Prove that in quadrilateral $ABCD$, $|\angle DAB|=|\angle ABC|=|\angle BCD|$, $|DA|=|DC|$, if $|BE|=|DA|$, $CE$ is the angle bisector of $\angle BCD$

Question

When trying to solve this problem in the usual way - playing around with angles in the quadrilateral - I always seemed to be lacking one piece of information. I am certain there is something crucial to be extracted out of the fact, that three of the angles and two of the sides are equal. I have never however come across such an object (nor do I know if it even has a name or whether it bears some crucial reseamblance to the parallelogram in terms of properties) so I wondered which useful or peculiar properties might be of interest here.

Thank you for your effort.

Answer 1

First a small note: please post figures in geometry questions. It helps readers better understand your question and your work. In the case of this question there was missing information in the text about point $E$ and I follow the assumption of user C Squared, i.e. that $E$ is on the segment $AB$. If this assumption is wrong, please let me know.

In the above figure, the equal-length segments $AD$, $CD$ and $BE$ are shown in red. Blue segments are added to the figure as I shall describe. Alright, here we go:

$\triangle ACD$ is isosceles, therefore $\widehat{CAD}=\widehat{ACD}$

This means that $\triangle ACB$ is also isosceles, because $$\widehat{CAB} = \widehat{DAB} - \widehat{CAD} = \widehat{DCB} - \widehat{ACD} = \widehat{ACB} $$ It follows that the segment drawn from $D$ to the midpoint of $AC$ is the perpendicular bisector of $AC$, and it is also the bisector of $\widehat{ADC}$. Similarly, the segment drawn from $B$ to the midpoint of $AC$ is the perpendicular bisector of $AC$ and also the bisector of $\widehat{ABC}$. Note that because $AC$ has only one perpendicular bisector, $BD$ is the perpendicular bisector of $AC$, and at the same time $BD$ bisects $\widehat{ABC}$ and $\widehat{ADC}$ .
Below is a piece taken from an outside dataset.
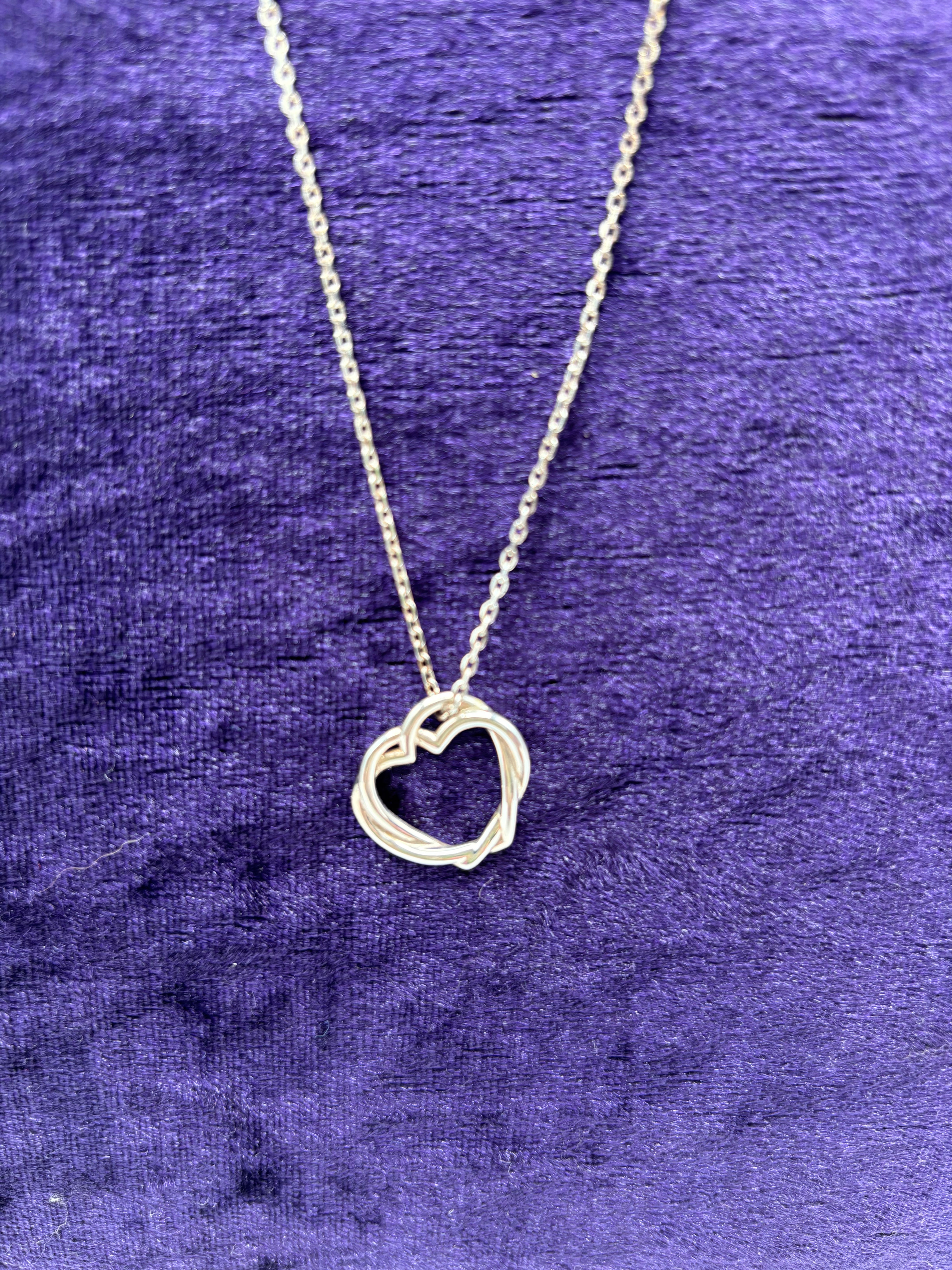 Links of London Silver 925 Floating Heart Penadant on a 925 Silver chain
Now let's draw the segment $DE$ . In the quadrilateral $BCDE$ , $\widehat{EBC}=\widehat{DCB}$ and $BE=CD$ . The interested reader can use this information to prove that this quadrilateral is an isosceles trapezoid. It follows that the four points $B$, $C$, $D$ and $E$ are on the same circle.
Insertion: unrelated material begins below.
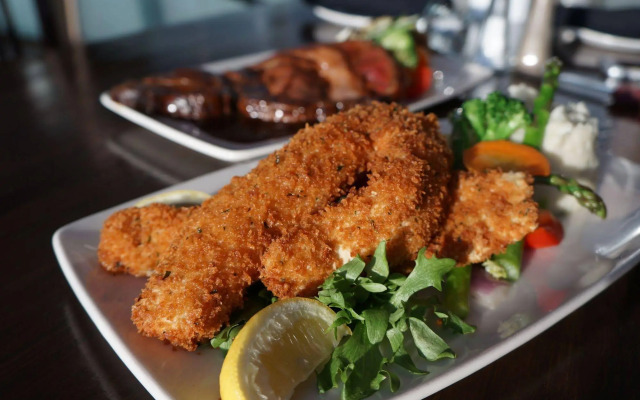 Clarion Lakeside Inn & Conference Centre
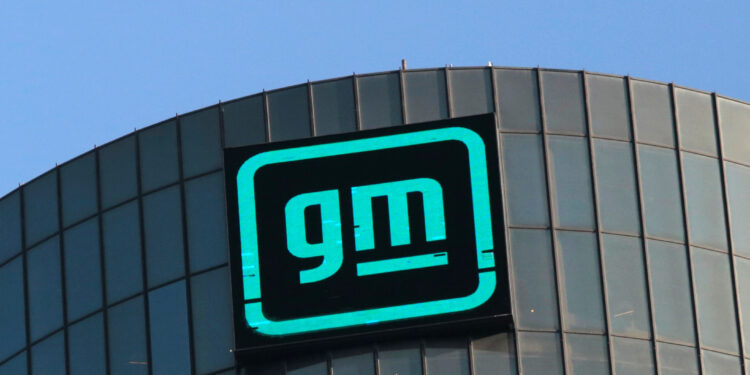 General Motors Cuts 1,000 Jobs in Software and Service Divisions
Can you take it from here?

Answer 2

The question is ambiguous about where point $E$ lies but assuming that it lies on $AB$ satisfies all the conditions so I am assuming that is where it is supposed to be.

Observe that, $ABCD$ is a kite with $DA=DC$ and $AB=BC$. Now, it can be proven by simple angle chasing that $DEBC$ is an isosceles trapezoid and $DE=DC$.

Hence, $\angle DCE=\angle DEC=\angle BCE$ and therefore $CE$ is the bisector of $\angle BCD$.